GCC 6.0 RC fails bootstrap on AIX due to comparison failure of all object files for --enable-checking=release. This appears to be an unstable sort issue.
Cnofirmed.
Created attachment 38299 [details] Stage2 sbitmap.s
Created attachment 38300 [details] Stage3 sbitmap.s
sbitmap.s was one of the smaller files. All of the debugging information seems to be present, but emitted in a different order in the stage2 versus stage3.
Strange, I thought the default bootstrap is to build stage2 without debug info, while you have stabs in both files. Have you looked at where the differences start first (build both the stage2 and stage3 with -fdump-tree-all-nouid -fdump-rtl-all-nouid --param min-nondebug-insn-uid=10000 ? Are the stage2/stage3 sbitmap.c sources built with the same options? Do you know which sort is unstable, or is that just a guess?
Waiting for David to investigate.
I don't know that a sort is unstable or a particular sort. It is a hunch based on similar failures in the past -- some output in a different order. Why would stage2 and stage3 be built with different options, especially if their object files are compared? I added -frandom-seed=0 to the options, but I still see differences in addresses, which makes comparison a little difficult. sbitmap.c.001.tu differ, with the @XXXX addresses. The first difference where one dump file contains information not present in another dump file is sbitmap.c.003t.original. Stage2 contains three lines of ;; Function constexpr bool std::_ImplicitlyConvertiblePair() [with _T1 = mem_usage*; _T2 = mem_usage*; _U1 = mem_usage*; _U2 = mem_usage*] (null) ;; enabled by -tree-original return <retval> = 1; while Stage3 contains only one line.

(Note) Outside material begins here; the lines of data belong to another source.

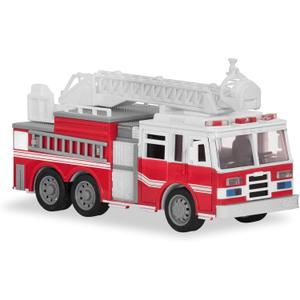 Driven by Battat  7-Inch Fire Truck Toy with Lights & Sounds, Movable Parts, Construction Vehicle for Boys & Girls, Durable Design, Realistic Details, Perfect Gift 3+ Years Toy for Kids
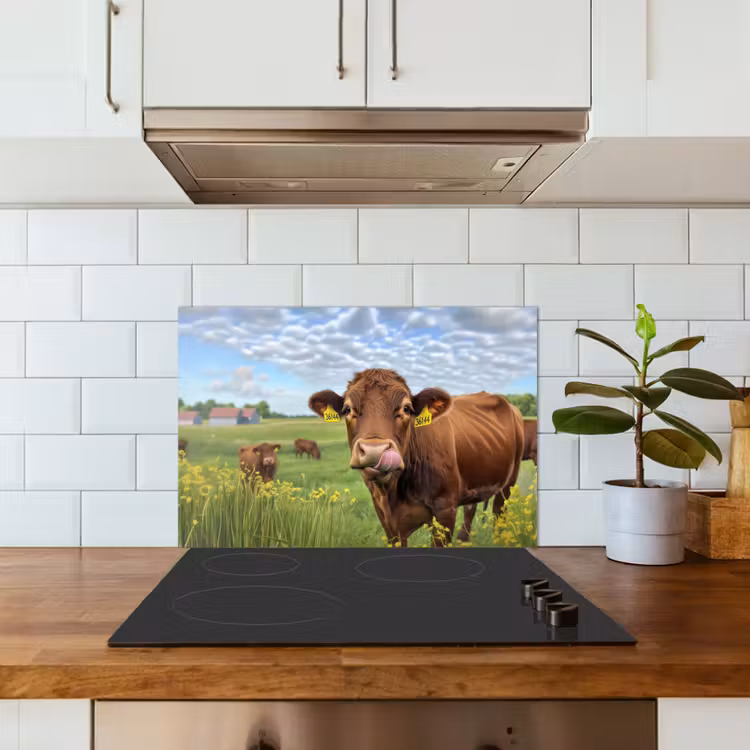 Koe - Weide - Bloemen keuken achterwand spatscherm klein -sfeer2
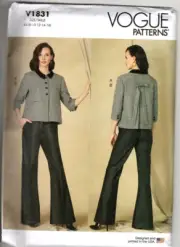 Vogue V8131 Misses 8 to 16 Suit Jacket and Pants Set Uncut Sewing Pattern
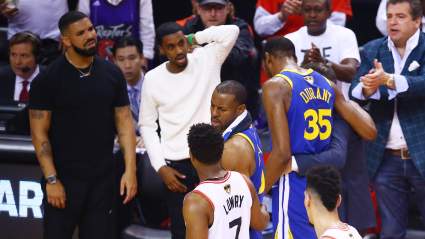 Drake Reacts Emotionally, Consoles Kevin Durant After Injury [WATCH]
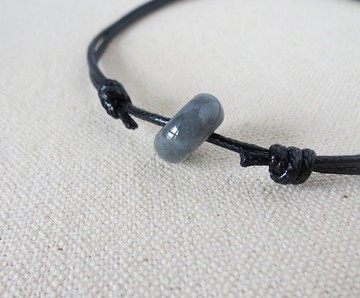 本命年【幸運路路通】冰烏雞翡翠韓國蠟線項鍊*ZT17*招財、防小人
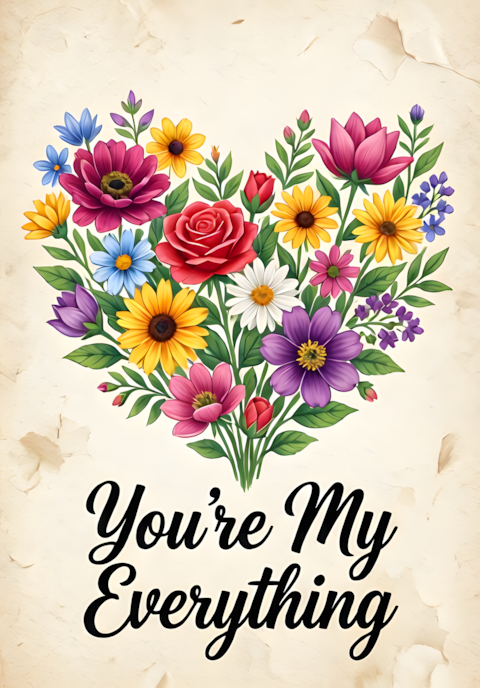Watercolor Youre My Everything Floral Print
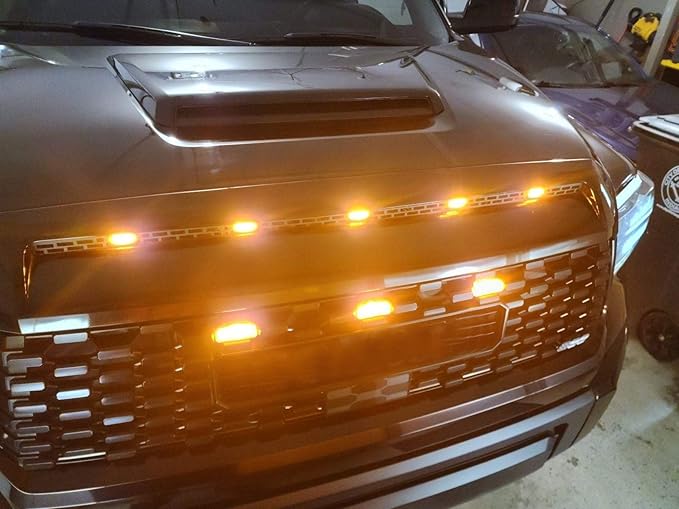 iJDMTOY Clear Lens Amber Yellow Full LED Front Upper Hood Bulge Insert Replacement Lighting Kit Compatible with Toyota 2014-2021 Tundra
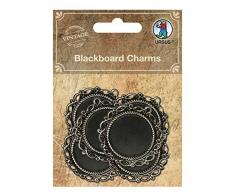 Blackboard Charms, Tafelfolien Sticker im Vintage Design, 6 Stück mit Durchmesser 40 mm, können individuell beschriftet werden, ideal als Geschenkanhänger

The rest of the file contains identical statements but different labels. sbitmap.c.006.omplower begin to show differences in funcdef_no, cgraph_uid and symbol_order.

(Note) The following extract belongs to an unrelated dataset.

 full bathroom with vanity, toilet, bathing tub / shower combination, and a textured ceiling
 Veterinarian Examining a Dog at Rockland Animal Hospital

Development branch prior to debug-early merge works.
r224187 works
This is starting to look like PR60984 all over again. Testing trunk with --enable-checking=release succeeds.
I have tried bootstrap on AIX with .../configure --prefix=`pwd` --enable-checking=release --with-gmp=/opt/cfarm/gmp-latest/ --with-mpc=/opt/cfarm/mpc-latest/ --with-mpfr=/opt/cfarm/mpfr-latest/ && gmake -j16 2>&1 | tee LOG and both trunk and gcc-6-branch work.
Current trunk works. I am testing gcc-6-branch now. But the RC itself does not work.
A source tree checked out from r235040 (the same as the tarball) works. It looks more likely that the problem is some difference between the repository and the tarball.
The problem likely is due to gcc/gentype-lex.c distributed in the tarball. The AIX systems currently use flex 2.5.3, which produces working gengtype-lex.c on AIX.
gcc-6-20160410 snapshot tarball (without gengtype-lex.c) works.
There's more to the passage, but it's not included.